Atheism and the Quest for Meaning: What Does It Mean to Say That All of Existence is Contingent?

It means that life didn’t have to be—it was an accident—and yet here we all are. Our existence is neither inherently necessary or meaningful. Welcome!

Now, as human beings, what do we do?

Well, we can try to take the incoherence of our accidental presence in this world and make of it a coherence—and this is the beauty, the tragedy, and the absurdity of our existence. By imaginative reflection and actions we can try to bind up for ourselves what is always, in reality, a chance scattering. We can, in other words, try to make this curious chance concatenation of atoms blindly moving in the void appear to be connected in a meaningful way; to make of existence something whole.
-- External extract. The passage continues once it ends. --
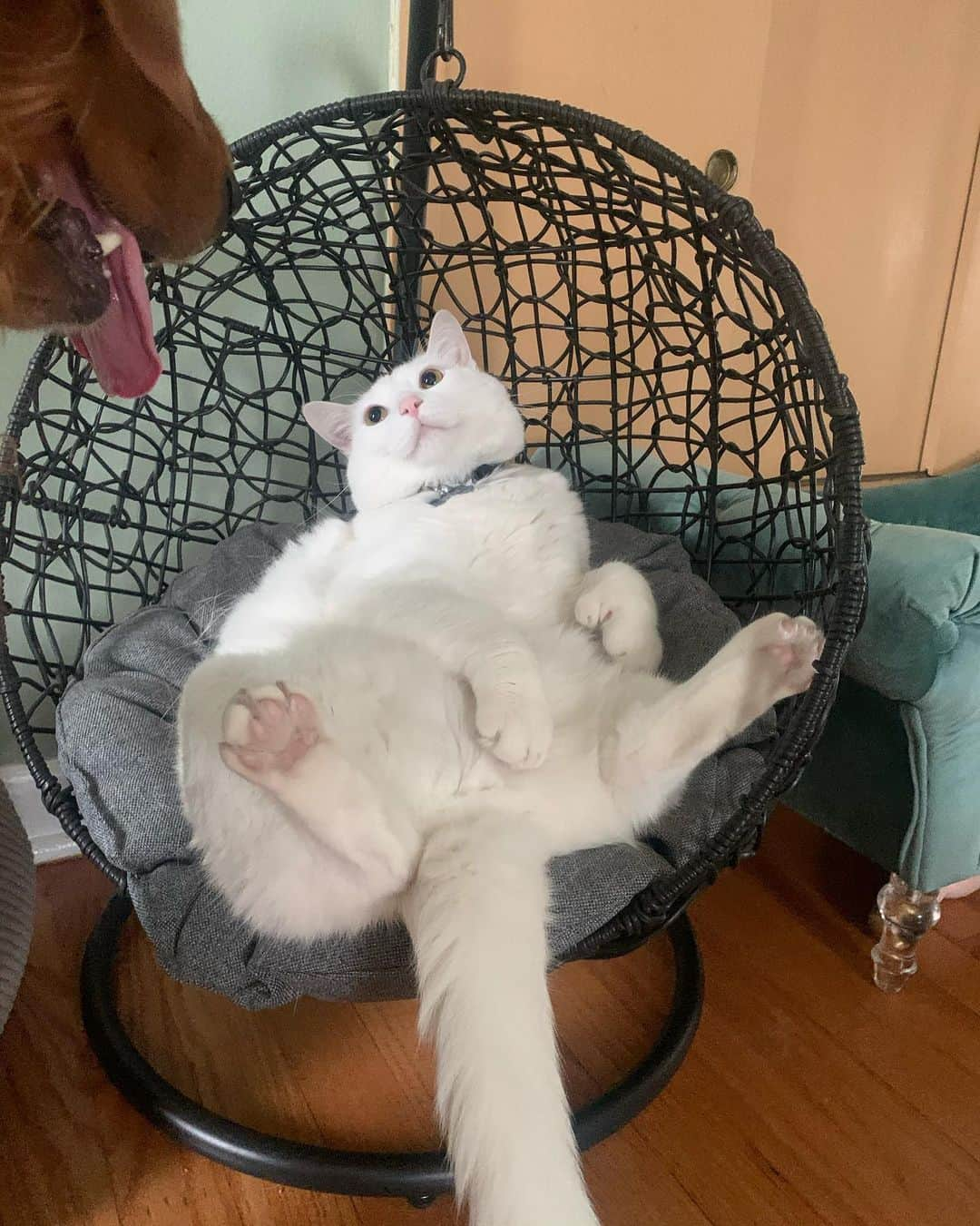 モヒートさんのインスタグラム写真 - (モヒートInstagram)「Caption what Skywalker is thinking 😂 #eggchair #polydactylcat #derpycat #derpy #catsofinstagram #cat #catlife」6月24日 12時21分 - mojito_rose_family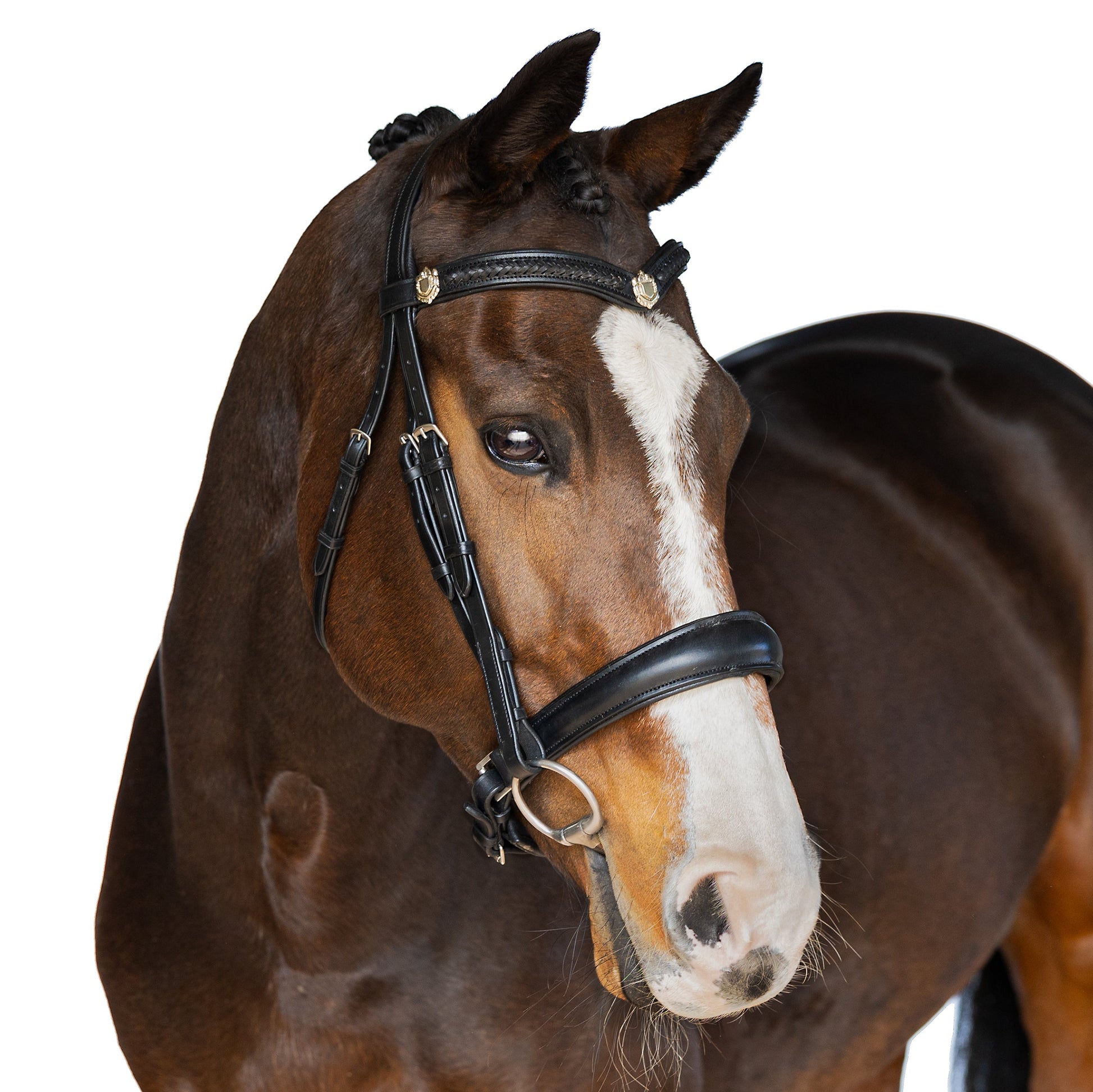 Black snaffle bridle - Azure - ready to go horse bridle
And accompanying the whole we might seek some semblance of permanence:

  • we can imagine ourselves to have souls; or
  • pretend to believe (even though we suspect it’s not true) that there is a god who will bring our spirits to heaven after death and seal forever our good and bad deeds in this world; or
  • please ourselves with thoughts that we will be remembered by posterity for a book that we’ve written; or
  • meditate to the point that we think we have united with the eternal Buddha.

These are the kinds of things that we can do, while we’re waiting to die, for who wants to imagine that we are, in fact, making something whole for just a very short time?

But then something horrible happens: a dark epiphany, a hellish realization, slowly rises in us.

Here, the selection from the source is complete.